March 21-22, 2013, Salt Lake City, Utah

Registration

Thanks to the generous support of BBN-GENI Office/NSF, there is no registration fee. But to help us best plan for the workshop, Please register here.

Technical Program

GREE2013 Program

Survey

Your feedback is very important to us. Please take a survey here at the end of the workshop. If you need to leave early, we appreciate that you fill in the survey before you leave. While filling in the survey, please feel free to skip the questions that are not applicable to you.

Final Paper Guidelines

Guidelines for final camera-ready version can be found here. Please submit your paper and revision summary to GREEworkshop@gmail.com, with the subject line as [GREE2013 final] <title of your paper>.

Overview

The Global Environment for Network Innovation (GENI) infrastructure is becoming a mature virtual laboratory for exploring future Internet at-scale. It supports at-scale experimentation on shared and heterogeneous GENI resources among multiple users, permits users to do deep programmability throughout the network, and offers collaborative and exploratory environments for innovative research and education. More and more researchers, educators, and students have started or are starting to conduct research and educational experiments on the GENI infrastructure. NSF has sponsored more than 15 GENI experiment projects since September 2010.

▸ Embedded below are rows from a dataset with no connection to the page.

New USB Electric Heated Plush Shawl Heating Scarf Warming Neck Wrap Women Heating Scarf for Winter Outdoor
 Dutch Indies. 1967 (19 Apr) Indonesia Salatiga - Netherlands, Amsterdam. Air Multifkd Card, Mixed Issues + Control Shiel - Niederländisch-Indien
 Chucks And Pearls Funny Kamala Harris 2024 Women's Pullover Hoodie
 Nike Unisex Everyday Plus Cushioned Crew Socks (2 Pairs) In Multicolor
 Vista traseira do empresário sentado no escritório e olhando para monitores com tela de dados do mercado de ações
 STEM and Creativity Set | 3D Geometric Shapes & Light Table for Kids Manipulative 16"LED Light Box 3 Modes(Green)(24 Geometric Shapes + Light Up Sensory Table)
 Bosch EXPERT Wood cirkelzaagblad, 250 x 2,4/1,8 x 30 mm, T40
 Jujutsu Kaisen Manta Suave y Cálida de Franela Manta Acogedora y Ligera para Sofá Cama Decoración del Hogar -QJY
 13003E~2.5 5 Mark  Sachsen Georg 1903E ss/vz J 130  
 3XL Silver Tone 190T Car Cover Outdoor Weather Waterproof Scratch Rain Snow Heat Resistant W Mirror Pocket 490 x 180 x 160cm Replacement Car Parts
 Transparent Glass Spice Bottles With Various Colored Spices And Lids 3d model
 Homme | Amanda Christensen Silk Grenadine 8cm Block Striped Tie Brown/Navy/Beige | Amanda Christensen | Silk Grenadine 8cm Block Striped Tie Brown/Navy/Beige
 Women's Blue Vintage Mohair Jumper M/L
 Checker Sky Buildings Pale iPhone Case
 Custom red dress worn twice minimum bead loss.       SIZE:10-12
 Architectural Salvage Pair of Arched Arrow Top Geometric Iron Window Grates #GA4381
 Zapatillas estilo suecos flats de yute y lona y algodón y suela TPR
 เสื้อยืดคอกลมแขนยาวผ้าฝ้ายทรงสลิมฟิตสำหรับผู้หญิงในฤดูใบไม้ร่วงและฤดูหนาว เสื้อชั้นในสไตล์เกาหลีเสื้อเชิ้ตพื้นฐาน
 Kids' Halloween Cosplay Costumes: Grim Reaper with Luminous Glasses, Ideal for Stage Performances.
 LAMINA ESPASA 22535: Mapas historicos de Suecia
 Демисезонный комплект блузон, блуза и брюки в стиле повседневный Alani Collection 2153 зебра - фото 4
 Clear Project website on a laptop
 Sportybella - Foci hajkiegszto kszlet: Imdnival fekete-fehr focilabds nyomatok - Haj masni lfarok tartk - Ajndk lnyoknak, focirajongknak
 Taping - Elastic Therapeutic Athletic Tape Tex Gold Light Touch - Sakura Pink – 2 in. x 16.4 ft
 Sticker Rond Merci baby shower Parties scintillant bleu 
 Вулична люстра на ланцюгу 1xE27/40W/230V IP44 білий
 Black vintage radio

Following the successful first GENI Research and Educational Experiment Workshop (GREE2012), the second GREE Workshop will be a one-day workshop (GREE2013), from noon March 21 to noon March 22, co-located with GEC 16 at the University of Utah. It will report recent progress and shed lights on future direction of GENI from an experimenter’s point of view, and will inspire researchers and students to conduct experiments on multiple GENI resources. Furthermore, it will provide a communication channel among GENI experimenters, as well as between GENI developers and GENI experimenters, for a better understanding of multiple GENI resources. It is expected that the workshop would include a keynote speech, paper presentations, an experimenter panel/open discussion, and tutorials and demos on GENI components.

We strongly encourage participations not only from current GENI developers and experimenters, but also from researchers and students not previously involved in GENI but are interested in participating future GENI projects to build a larger community of researchers and students using the GENI infrastructure. The workshop will benefit GENI developers for better shaping their GENI development plans, will benefit existing GENI experimenters for a better understanding of GENI resources, and will benefit new comers for future GENI projects and funding.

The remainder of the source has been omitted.